Critique – Littérature

Quand le Blanc devient l’Autre

Lee Maracle, prolifique romancière, actrice, conteuse, professeure et essayiste stó:lò, nous offre avec ses récits engagés, imagés et poignants une perspective sur les réalités culturelles et politiques des Premiers Peuples du Canada, et particulièrement celles des femmes. Ancrés dans l’affirmation de la contemporanéité des Premiers Peuples, ses écrits s’inscrivent dans le mouvement de la résurgence autochtone et côtoient les idées et l’esthétique d’auteurs, de penseurs et d’artistes tels que Leanne Betasamosake Simpson, Gerald Taiaiake Alfred, Sonny Assu, Audra Simpson et bien d’autres. Précurseure à plusieurs égards en littérature autochtone contemporaine depuis les années 1970, Lee Maracle publie, en 1993, Le chant de Corbeau (Ravensong), sa première œuvre de fiction.
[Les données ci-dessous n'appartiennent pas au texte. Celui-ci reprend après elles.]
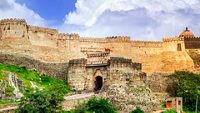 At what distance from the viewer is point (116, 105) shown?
4828 cm

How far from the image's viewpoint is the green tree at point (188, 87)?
56.0m

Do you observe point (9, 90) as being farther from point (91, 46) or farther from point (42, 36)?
point (91, 46)

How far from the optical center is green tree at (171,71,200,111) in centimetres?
5603

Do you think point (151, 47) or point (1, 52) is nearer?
point (1, 52)

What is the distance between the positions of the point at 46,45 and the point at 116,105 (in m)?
15.4

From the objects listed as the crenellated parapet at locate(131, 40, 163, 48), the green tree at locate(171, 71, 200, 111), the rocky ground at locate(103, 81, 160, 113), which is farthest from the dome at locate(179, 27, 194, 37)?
the rocky ground at locate(103, 81, 160, 113)

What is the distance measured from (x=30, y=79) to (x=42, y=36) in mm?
10099

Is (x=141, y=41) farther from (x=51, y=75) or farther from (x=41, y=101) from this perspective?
(x=41, y=101)

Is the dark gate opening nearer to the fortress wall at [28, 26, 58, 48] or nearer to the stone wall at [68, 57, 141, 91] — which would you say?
the stone wall at [68, 57, 141, 91]

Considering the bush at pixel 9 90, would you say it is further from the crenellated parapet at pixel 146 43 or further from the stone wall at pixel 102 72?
the crenellated parapet at pixel 146 43

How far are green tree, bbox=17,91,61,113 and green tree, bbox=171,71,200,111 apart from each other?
1744cm

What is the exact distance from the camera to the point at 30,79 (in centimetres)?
5159

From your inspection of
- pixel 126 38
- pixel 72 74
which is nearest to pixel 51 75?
pixel 72 74

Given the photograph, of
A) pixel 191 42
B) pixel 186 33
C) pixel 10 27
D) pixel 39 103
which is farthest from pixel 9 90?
pixel 186 33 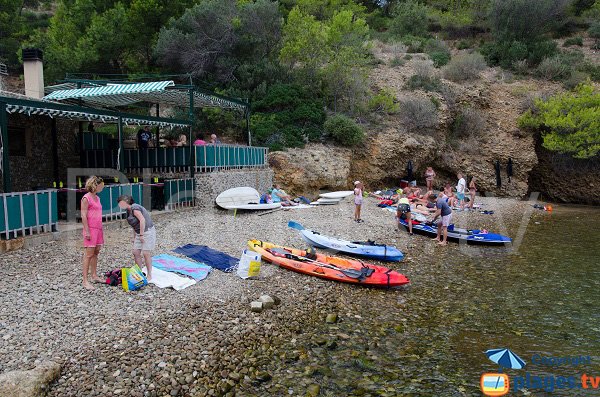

Le chant de Corbeau se déroule en 1954 dans une communauté autochtone et un village allochtone de la Colombie-Britannique. Alors que la communauté se remet tout juste d’une épidémie de tuberculose qui s’est étendue sur plus de trente ans, elle doit faire face à une nouvelle maladie, la grippe asiatique, contre laquelle la médecine des aînés n’a que très peu d’effet. L’œuvre, qui s’amorce dans une atmosphère de mort et de deuil, met en scène Stacey, une jeune femme introspective, impétueuse et éveillée. En dépit du fait que les deux villages soient reliés et contigus, Stacey demeure l’une des seules Autochtones à fréquenter l’école et le village des allochtones. Le récit initiatique nous présente les va-et-vient constants de Stacey entre son monde et celui des Blancs. Cette dernière, ayant pris connaissance de la volonté du gouvernement d’installer des externats dans les communautés autochtones au Canada, entend instaurer et diriger une école dans sa communauté. L’épidémie de 1954 force Stacey à réviser ses plans d’avenir; elle doit apprendre à confronter son village et celui des allochtones, à appréhender les différences majeures qui la distinguent de ses amis blancs et la divisent entre deux mondes, et à devenir une femme en respectant les normes, les lois et les valeurs de sa communauté. C’est à travers les questionnements et le dégoût croissant de Stacey que Lee Maracle, par une épreuve de comparaison des mœurs et des réalités, aborde finement les enjeux du colonialisme, du racisme et de l’ignorance.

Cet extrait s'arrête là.